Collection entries

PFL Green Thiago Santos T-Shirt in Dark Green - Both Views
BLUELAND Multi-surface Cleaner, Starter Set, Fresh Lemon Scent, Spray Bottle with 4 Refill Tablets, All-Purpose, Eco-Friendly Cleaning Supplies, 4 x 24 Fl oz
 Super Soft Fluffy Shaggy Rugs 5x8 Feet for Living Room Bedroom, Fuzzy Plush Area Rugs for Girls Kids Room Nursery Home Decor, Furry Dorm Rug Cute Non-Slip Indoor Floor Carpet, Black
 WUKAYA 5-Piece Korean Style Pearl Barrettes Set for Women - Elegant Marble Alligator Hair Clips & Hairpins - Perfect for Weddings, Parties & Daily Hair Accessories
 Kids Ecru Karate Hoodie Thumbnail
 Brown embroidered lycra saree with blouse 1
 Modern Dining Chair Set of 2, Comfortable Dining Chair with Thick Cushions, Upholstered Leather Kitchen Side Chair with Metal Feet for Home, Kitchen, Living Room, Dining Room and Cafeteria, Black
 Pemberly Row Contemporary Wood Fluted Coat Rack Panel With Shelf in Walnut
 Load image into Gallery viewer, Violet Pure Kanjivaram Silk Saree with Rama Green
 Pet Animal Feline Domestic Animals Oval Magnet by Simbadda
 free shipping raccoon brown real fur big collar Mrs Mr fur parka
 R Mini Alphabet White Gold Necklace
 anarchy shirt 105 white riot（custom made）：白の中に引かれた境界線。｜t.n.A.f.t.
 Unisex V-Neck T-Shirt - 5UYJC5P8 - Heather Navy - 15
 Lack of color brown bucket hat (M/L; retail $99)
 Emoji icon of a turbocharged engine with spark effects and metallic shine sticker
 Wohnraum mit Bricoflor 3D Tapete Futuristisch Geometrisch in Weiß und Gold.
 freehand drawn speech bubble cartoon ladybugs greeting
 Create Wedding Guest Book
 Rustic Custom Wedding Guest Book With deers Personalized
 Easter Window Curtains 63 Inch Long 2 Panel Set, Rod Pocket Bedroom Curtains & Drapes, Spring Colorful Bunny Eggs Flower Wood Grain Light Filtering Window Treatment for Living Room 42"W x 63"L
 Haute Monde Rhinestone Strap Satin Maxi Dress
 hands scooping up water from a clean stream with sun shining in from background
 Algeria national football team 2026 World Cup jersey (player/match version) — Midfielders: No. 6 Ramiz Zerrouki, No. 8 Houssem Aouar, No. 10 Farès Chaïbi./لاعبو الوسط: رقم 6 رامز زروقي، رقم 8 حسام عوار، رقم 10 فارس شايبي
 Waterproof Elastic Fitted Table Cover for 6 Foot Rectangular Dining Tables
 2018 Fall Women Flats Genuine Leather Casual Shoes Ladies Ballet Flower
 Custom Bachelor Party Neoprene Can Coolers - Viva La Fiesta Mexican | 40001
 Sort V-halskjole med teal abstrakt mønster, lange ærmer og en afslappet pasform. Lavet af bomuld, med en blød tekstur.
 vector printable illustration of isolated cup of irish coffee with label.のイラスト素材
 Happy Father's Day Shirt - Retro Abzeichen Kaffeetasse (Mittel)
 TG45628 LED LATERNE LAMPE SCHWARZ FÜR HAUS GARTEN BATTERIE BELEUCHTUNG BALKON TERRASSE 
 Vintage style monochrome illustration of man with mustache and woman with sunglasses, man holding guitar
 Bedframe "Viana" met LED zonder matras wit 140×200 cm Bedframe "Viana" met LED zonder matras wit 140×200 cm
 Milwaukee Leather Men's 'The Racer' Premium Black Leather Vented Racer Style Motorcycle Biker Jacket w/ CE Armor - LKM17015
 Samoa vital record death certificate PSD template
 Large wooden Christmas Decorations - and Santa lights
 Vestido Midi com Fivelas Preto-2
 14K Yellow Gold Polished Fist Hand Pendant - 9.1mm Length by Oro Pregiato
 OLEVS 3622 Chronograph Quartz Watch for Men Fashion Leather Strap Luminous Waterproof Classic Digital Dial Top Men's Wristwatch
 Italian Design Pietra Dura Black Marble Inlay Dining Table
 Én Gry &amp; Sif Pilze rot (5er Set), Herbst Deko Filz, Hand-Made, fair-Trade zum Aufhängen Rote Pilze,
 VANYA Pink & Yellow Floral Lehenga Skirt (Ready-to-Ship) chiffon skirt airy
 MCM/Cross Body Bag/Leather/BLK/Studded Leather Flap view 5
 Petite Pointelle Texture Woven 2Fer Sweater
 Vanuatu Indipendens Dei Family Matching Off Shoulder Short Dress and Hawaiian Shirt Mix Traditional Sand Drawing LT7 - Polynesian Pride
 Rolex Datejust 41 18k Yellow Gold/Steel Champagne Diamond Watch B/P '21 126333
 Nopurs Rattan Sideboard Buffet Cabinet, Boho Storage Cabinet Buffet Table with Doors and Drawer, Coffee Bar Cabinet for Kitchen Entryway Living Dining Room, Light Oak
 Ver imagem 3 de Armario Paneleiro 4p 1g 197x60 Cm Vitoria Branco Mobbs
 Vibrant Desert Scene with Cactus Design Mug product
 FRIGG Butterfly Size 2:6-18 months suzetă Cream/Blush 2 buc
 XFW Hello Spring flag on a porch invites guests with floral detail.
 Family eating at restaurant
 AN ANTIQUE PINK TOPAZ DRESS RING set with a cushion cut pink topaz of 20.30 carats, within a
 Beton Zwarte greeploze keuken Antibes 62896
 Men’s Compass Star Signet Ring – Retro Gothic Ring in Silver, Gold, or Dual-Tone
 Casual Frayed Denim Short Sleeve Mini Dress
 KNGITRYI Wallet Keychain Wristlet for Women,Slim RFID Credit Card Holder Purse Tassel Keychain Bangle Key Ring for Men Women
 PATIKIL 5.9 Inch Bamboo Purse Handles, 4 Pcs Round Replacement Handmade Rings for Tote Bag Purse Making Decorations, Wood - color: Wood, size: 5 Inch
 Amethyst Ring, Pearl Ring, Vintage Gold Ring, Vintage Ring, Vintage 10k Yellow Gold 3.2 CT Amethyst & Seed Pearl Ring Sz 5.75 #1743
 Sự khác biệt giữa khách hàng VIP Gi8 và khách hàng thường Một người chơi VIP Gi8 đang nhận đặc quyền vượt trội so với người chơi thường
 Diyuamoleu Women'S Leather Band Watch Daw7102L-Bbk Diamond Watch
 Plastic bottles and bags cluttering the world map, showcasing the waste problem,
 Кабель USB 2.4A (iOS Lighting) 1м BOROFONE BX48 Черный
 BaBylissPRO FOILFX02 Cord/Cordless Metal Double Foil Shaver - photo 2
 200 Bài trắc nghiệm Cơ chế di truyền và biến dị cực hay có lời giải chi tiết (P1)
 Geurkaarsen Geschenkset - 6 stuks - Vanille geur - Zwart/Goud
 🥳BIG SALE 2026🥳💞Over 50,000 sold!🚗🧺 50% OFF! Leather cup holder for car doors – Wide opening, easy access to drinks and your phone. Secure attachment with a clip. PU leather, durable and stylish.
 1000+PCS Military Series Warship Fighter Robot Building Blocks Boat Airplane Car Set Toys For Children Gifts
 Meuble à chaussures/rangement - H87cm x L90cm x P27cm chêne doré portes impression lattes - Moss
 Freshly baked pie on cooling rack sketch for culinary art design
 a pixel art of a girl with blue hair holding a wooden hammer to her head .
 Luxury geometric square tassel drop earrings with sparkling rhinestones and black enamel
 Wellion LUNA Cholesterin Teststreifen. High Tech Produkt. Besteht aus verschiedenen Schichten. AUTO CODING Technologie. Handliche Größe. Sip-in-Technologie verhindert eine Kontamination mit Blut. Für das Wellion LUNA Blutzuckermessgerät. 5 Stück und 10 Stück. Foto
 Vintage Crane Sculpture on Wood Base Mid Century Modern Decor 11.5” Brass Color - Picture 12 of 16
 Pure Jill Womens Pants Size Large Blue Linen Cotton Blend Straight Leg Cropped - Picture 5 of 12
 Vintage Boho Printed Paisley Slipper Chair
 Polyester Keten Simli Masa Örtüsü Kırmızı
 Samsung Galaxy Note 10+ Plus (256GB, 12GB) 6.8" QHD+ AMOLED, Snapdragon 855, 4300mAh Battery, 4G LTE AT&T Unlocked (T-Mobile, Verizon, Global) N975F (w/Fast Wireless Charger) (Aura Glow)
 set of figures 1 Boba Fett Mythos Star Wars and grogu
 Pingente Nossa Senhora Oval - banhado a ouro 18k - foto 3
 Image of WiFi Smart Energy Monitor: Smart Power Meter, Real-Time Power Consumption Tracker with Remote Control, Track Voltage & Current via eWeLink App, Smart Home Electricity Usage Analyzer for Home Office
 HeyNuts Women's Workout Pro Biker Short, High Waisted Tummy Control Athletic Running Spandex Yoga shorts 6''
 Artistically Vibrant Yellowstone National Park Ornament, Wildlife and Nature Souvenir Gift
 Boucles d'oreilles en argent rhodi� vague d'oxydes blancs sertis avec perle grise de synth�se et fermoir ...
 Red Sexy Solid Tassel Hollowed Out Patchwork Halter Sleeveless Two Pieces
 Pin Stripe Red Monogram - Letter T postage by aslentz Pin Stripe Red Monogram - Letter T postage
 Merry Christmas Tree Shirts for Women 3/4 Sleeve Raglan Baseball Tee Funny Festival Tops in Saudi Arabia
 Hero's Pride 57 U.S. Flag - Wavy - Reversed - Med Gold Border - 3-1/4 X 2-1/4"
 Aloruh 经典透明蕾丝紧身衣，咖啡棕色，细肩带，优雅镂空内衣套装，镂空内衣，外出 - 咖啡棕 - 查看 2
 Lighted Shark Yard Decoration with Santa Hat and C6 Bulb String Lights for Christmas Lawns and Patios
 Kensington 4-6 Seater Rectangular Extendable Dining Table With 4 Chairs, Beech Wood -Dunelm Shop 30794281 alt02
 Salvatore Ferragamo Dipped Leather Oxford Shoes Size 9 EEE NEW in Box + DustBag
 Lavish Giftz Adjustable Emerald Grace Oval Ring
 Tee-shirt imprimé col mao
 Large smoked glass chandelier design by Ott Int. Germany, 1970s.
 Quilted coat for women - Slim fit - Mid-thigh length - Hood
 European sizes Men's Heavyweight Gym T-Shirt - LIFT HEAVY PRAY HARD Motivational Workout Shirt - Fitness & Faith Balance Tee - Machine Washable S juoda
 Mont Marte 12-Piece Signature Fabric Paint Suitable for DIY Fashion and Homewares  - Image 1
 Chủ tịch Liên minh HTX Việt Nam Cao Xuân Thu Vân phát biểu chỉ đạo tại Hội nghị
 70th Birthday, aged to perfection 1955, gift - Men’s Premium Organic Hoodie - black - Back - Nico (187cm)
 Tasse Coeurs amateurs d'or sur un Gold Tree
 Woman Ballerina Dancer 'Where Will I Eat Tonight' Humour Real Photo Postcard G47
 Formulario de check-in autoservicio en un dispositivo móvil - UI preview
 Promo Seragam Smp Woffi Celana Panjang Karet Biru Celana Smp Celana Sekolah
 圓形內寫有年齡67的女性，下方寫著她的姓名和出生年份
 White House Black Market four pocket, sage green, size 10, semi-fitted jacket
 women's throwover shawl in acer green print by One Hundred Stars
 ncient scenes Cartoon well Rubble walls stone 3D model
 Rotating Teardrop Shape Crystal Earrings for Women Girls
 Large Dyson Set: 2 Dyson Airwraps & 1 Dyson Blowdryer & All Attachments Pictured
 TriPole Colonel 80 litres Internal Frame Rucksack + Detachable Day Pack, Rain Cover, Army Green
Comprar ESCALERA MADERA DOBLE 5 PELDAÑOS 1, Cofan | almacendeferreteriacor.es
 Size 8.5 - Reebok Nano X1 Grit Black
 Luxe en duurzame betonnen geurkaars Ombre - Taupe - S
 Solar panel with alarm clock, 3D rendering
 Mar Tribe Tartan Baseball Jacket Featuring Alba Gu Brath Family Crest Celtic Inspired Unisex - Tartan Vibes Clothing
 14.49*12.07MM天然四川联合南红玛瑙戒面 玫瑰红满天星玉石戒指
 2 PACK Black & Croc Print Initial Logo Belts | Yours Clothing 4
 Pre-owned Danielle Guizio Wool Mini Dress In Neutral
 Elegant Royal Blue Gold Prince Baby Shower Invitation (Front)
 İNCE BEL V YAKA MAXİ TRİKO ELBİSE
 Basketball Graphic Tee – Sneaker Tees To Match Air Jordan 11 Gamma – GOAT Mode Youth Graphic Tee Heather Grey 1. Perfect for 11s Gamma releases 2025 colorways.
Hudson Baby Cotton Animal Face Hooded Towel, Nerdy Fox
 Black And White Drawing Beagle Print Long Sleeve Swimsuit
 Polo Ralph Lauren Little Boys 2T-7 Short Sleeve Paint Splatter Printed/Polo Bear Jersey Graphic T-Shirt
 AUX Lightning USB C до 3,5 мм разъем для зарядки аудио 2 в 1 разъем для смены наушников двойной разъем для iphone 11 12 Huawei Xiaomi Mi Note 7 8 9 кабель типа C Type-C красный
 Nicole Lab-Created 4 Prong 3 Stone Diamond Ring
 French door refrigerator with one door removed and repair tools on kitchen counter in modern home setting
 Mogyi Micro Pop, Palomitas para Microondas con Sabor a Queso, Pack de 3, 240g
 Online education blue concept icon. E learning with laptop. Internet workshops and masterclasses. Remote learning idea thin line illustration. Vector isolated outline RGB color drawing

▶ **Task instructions**
Go through the records line by line and give the number of lines with the string "Cover" in them, stating nothing else.

▶ **Written response**
2